Taking the line with "SQL 难点解决：集合及行号_集合" as the first and the line with "Figura 21. Onda" as the last, set down the lines below exactly, pictures excluded.
===== DATA PROVIDED
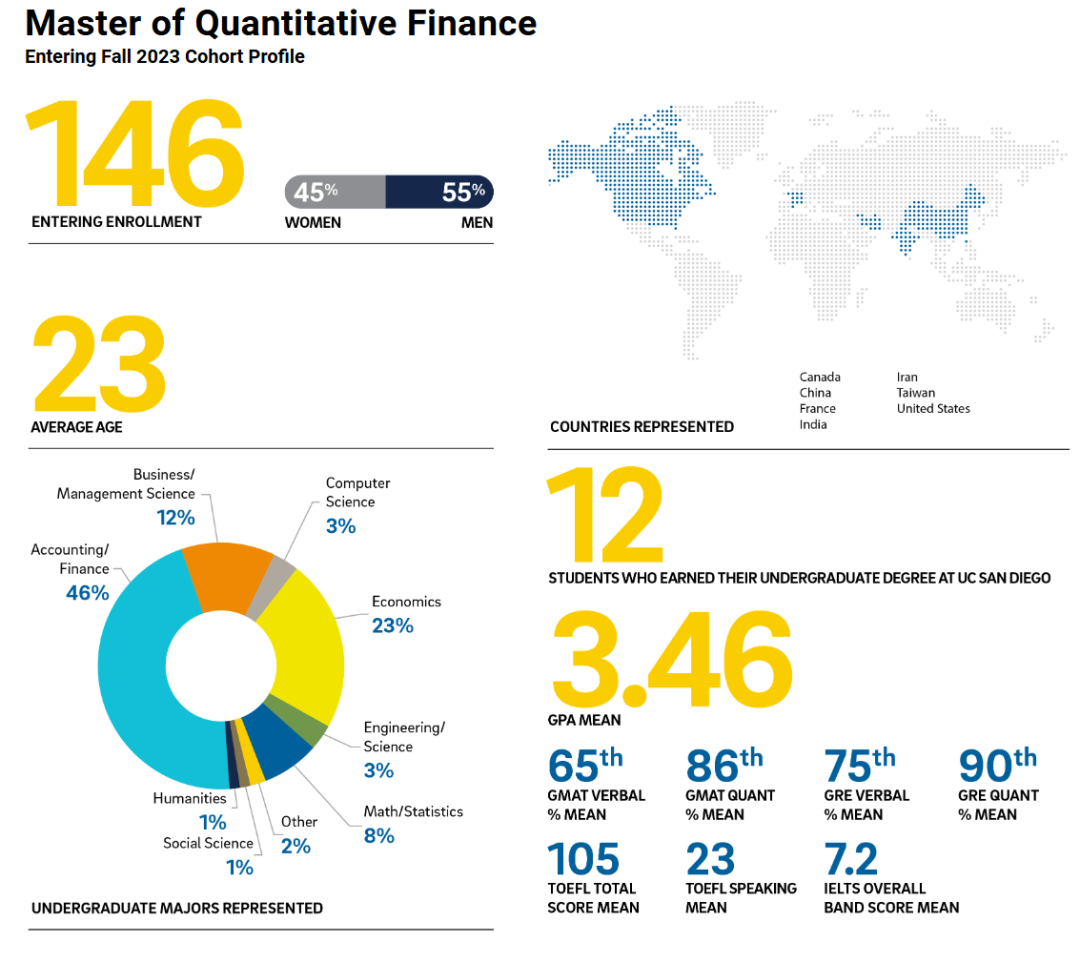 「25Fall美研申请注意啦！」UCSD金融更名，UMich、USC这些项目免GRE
==========
===== DATA PROVIDED
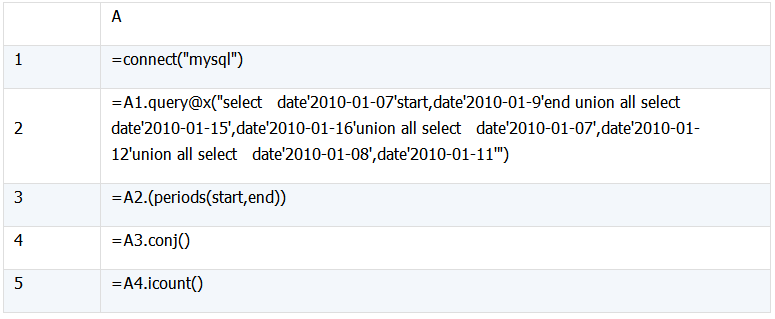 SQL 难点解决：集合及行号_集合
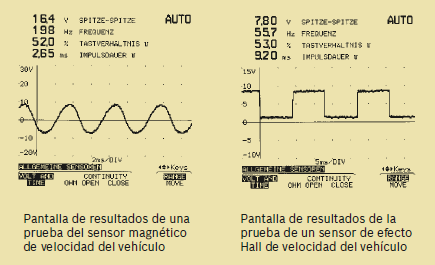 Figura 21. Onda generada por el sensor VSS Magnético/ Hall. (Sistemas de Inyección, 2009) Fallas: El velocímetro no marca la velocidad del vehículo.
==========
▸ **EXERCISE ANSWER**:
 SQL 难点解决：集合及行号_集合
 Figura 21. Onda generada por el sensor VSS Magnético/ Hall. (Sistemas de Inyección, 2009) Fallas: El velocímetro no marca la velocidad del vehículo.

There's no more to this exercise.